R.J. Rushdoony: 20:40 The Council on Foreign Relations is given more than a little treatment by the Silks, who incidentally have no objection to the establishment, no principled fundamental objection. First, the Council on Foreign Relations believes in a neutrality, an objectivity and, of course, as Cornelius Van Til has so powerfully demonstrated in our time, in this century, the idea of neutrality is an impossibility. Man cannot be neutral. Our thinking is always from a perspective. Now, we can be honest speaking from that perspective. We can truthful but we cannot be objective. We cannot be neutral. Then, second, elitism. This marks, also as Quigley says, the Anglo-American establishment. Human rights is the great concern of the establishment but not democracy. They use the term but they want an elite group from the top down to govern so that elitism is essential to the establishment. They are for better race relations, for more human rights, for economic democracy and so on and so forth but all this is to accomplished by the philosopher kings. Their pattern, as Quigley said, is Athens.
R.J. Rushdoony: 22:31 As a result, we cannot understand the world around us unless we see the religious roots, we recognize that this is Greek religious faith again active in our time waging war on biblical faith. Well, so much for that, I’d like to turn to something very, very different. I wish Douglas Kelly were giving this part of it because he is much more familiar with the man about whom I’m to speak now. When Douglas and I were at a used book store I encountered a book which immediately appealed to me and he, of course, told me he knew a great deal about the man. He came from an area of Scotland that had a great deal of the coloration of the Isle of Skye, which is where Douglas Kelly’s family came from in 1802 to the Carolinas. Now, the Isle of Skye represented old fashioned Calvinism at its most rigorous aspect. All the areas on the mainland effected by Skye, not only had the same rigorous Calvinism but were hostile to the Stewarts, no part of them. They did not send men to the Stewart cause.

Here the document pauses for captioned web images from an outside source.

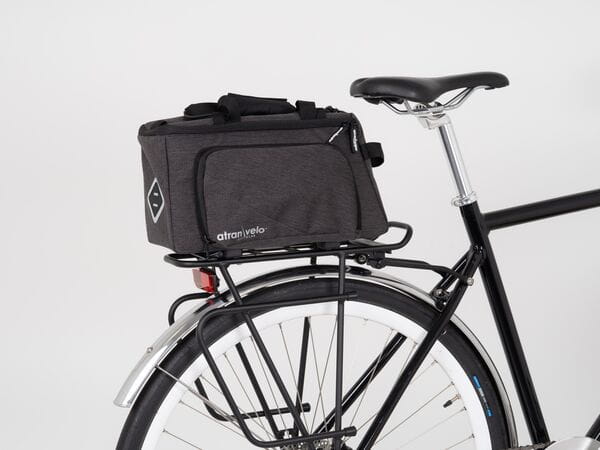 ZAP Top AVS Bag, With Mini-Panniers, 10.5 + 8 Litre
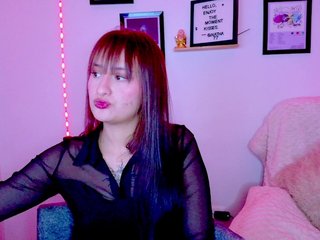 nathaliaramirez777 Porn Show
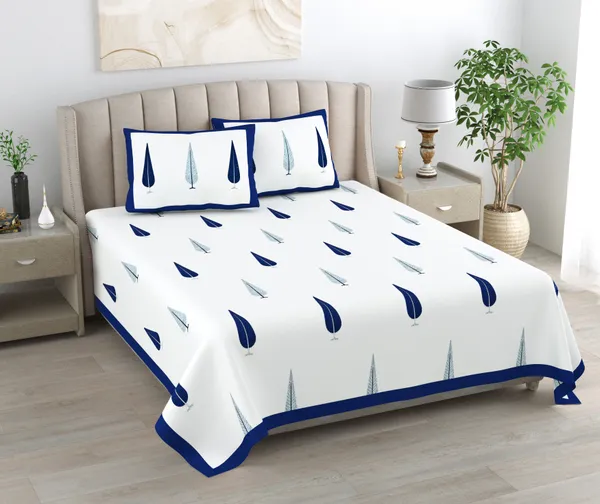 Blockbird_Royal_Block_Bloom_King_Size_Pure_Cotton_Jaipuri_Bedsheet_250Tc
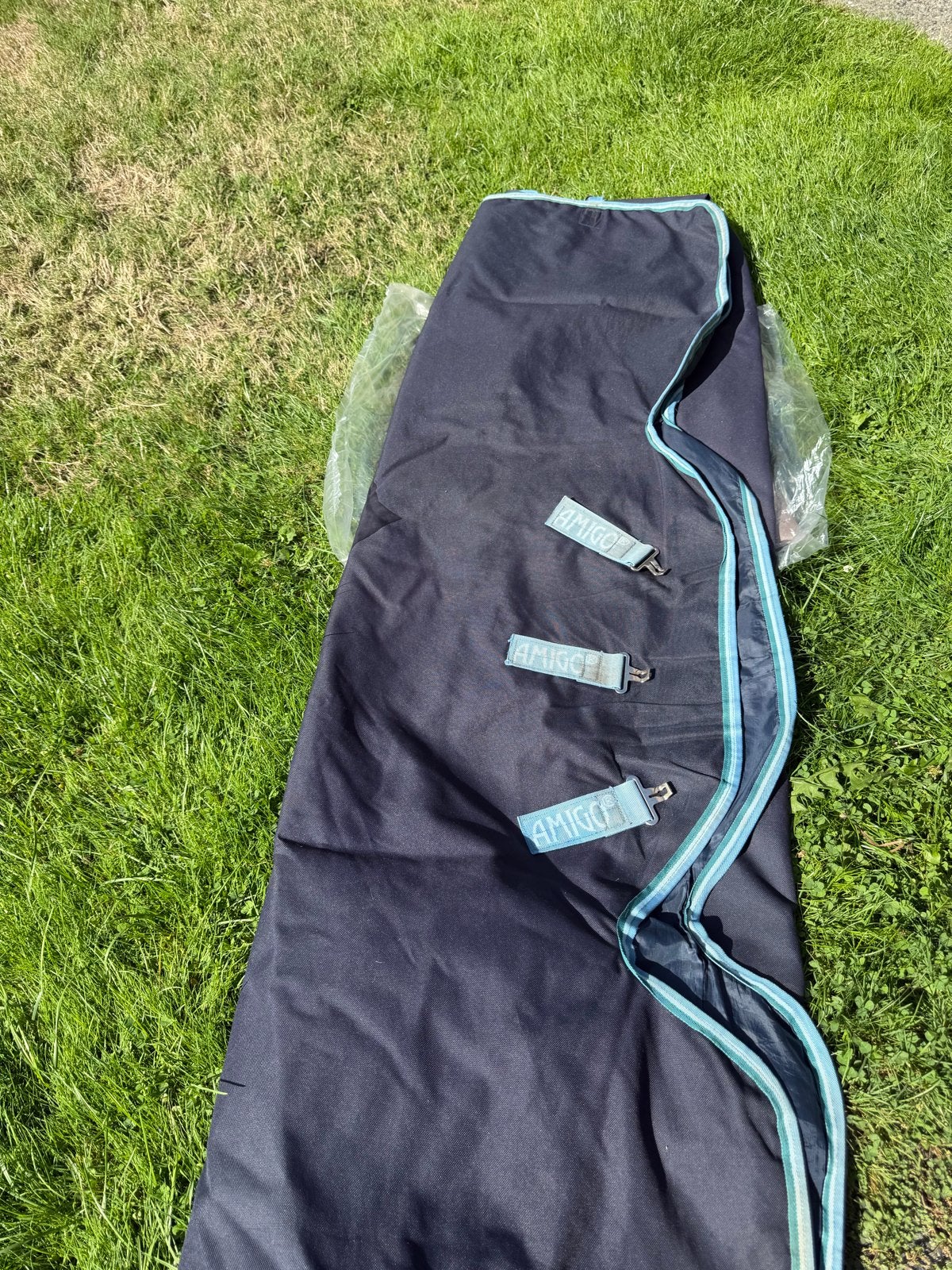 Horseware amigo dekens, Verzenden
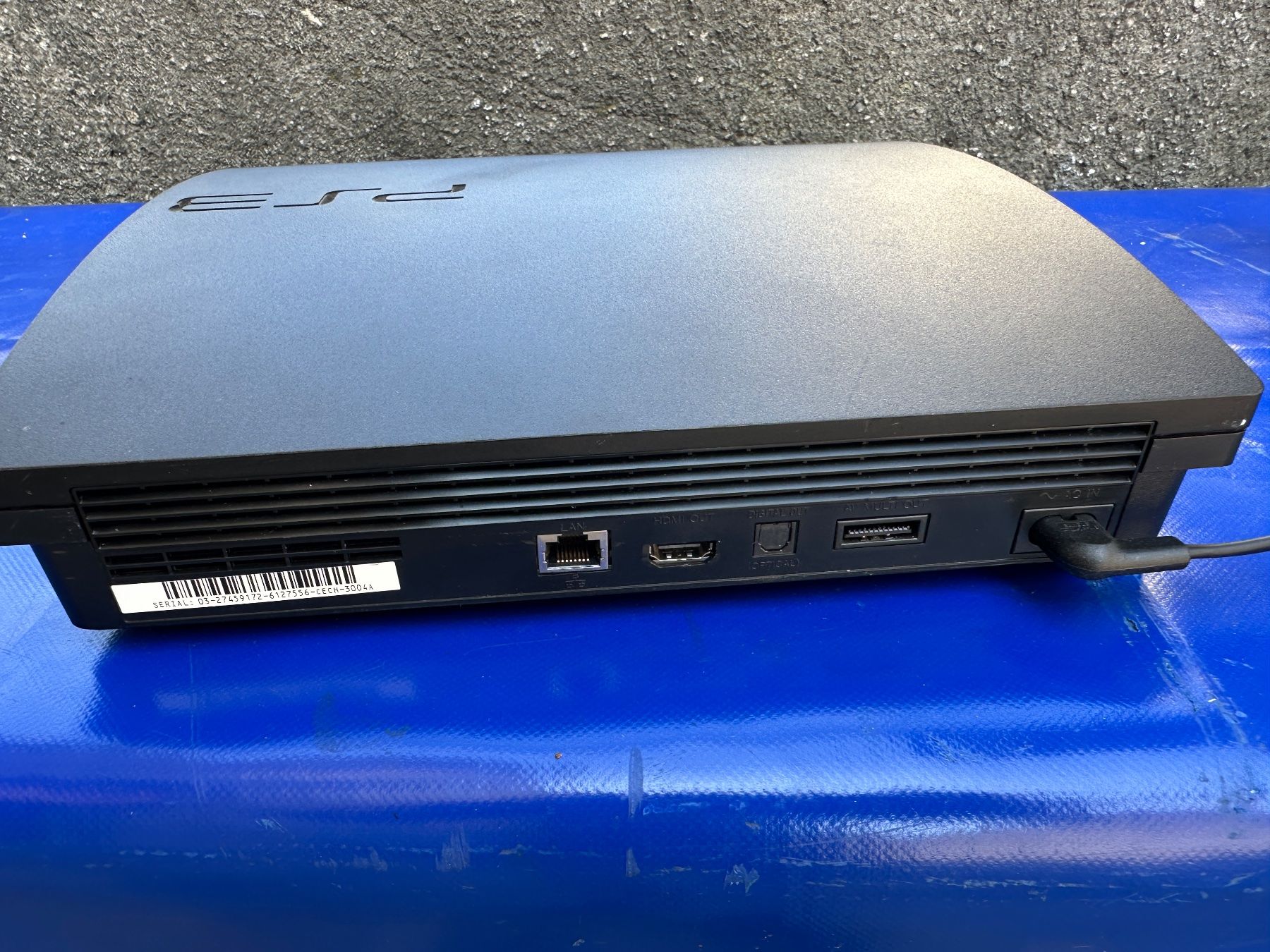 Sony Console: PS3 Konsole – Usato da Zürich venduto da atlantis77 1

R.J. Rushdoony: 24:14 Well, this book was published in London in 1952 by Neil Robinson. The title is Lion of Scotland, being an account of Norman McLeod’s 40 year search for a land where he and his followers could live as they wished, of the voyage in 1817 from the Western Highlands to Nova Scotia to Australia in the 1850s and finally to New Zealand and how they built a community for themselves. Norman McLeod, spelled capital M-C, capital, L-E-O-D, was a tall, straight and proud man. He was in the pattern of the old clan chiefs. The day of the clan had just ended not too long before. Bannockburn, Culladen, those milestones in the death of the old Scotland had come and gone but the same characters still remained. As a result, McLeod ruled the people who were under him with an iron hand. “Even after his death,” the author said, “he could still rouse an almost fanatical devotion or an equally positive dislike.” He was hated and admired with intensity. He had a strong will.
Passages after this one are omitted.